Performance tuning is a holistic endeavor, and we monitor and continuously improve a range of other performance metrics as well, including throughput. Sometimes, tradeoffs have to be made. Such a case occurred in 2015, when a latency spike was discovered in our processing of HTTP requests. The solution at the time was to set tcp_rmem to 4 MiB, which minimizes the amount of time the kernel spends on TCP collapse processing. It was this collapse processing that was causing the latency spikes. Later in this post we discuss TCP collapse processing in more detail.
The tradeoff is that using a low value for tcp_rmem limits TCP throughput over high latency links. The following graph shows the maximum throughput as a function of network latency for a window size of 2 MiB. Note that the 2 MiB corresponds to a tcp_rmem value of 4 MiB due to the tcp_adv_win_scale setting in effect at the time.
For the Cloudflare products then in existence, this was not a major problem, as connections terminate and content is served from nearby servers due to our BGP anycast routing.
Since then, we have added new products, such as Magic WAN, WARP, Spectrum, Gateway, and others. These represent new types of use cases and traffic flows.
For example, imagine you're a typical Magic WAN customer. You have connected all of your worldwide offices together using the Cloudflare global network. While Time to First Byte still matters, Magic WAN office-to-office traffic also needs good throughput. For example, a lot of traffic over these corporate connections will be file sharing using protocols such as SMB. These are elephant flows over long fat networks. Throughput is the metric every eyeball watches as they are downloading files.

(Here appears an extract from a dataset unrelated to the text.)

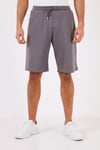 Pamuklu Belden Bağlamalı Cepli Regular Fit Erkek Short 5908042 ANTRASİT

We need to continue to provide world-class low latency while simultaneously providing high throughput over high-latency connections.
Before we begin, let’s introduce the players in our game.
TCP receive window is the maximum number of unacknowledged user payload bytes the sender should transmit (bytes-in-flight) at any point in time. The size of the receive window can and does go up and down during the course of a TCP session. It is a mechanism whereby the receiver can tell the sender to stop sending if the sent packets cannot be successfully received because the receive buffers are full. It is this receive window that often limits throughput over high-latency networks.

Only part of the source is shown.